The board is rectangular. Across the centre width-ways, is a canal or straight section of river, dividing the table into two squarish halves. In the centre of the board is a bridge crossing the water.

As with near enough any Crossfire game, there should be plenty of cover. I had lots of buildings on both sides of the river, pillboxes protecting the bridge, and a fair amount of wire and anti-tank obstacles, as well as the usual scattering of woods, fields, walls, hills, and rough ground. The wire and obstacles should be mainly on the attacker's home side of the table. The bridge and road are assumed to be used by the defending side, so may not be blocked solid with obstacles or mines.

The defender has regular troops. He has two or three companies of these, depending on the strength of his vehicles. He may deploy BOTH sides of the water, and half his forces may be hidden. He has some decent anti-tank guns, which may be deployed hidden. He also has a number of other vehicles (SPGs, armoured cars, prime movers etc.) which are on the home side of the river. Ideally, these vehicles should not be turreted tanks. On the home side of the river, are the defender's mortars, on table. FOs may all be hidden.

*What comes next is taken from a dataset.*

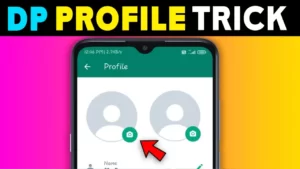 What Is Make Full Size DP Profile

Since the defending forces are not expecting the attack, they have not got front-line vehicles such as heavy tanks, but do have defensive tank-killing equipment. Also, the bridge has not been prepared for demolition.

The attacker has two companies of veteran troops (paras would be especially suitable), with no vehicles and few support weapons (one mortar per company max., one HEAT weapon per platoon max.) which may come on from one or two (no more) places (perhaps one-foot sections, or defined by one or two terrain features) on the edge of the defender's home side of the water. The attacker may find that simply getting all his forces on the board at this end of the table proves difficult (remember: the defender may have placed units (perhaps hidden) within sight of the edge of the board where the attackers are trying to come on). At first it may seem impossible, but I find that eventually a breakthrough is made and the troops rush on, though early casualties may be high.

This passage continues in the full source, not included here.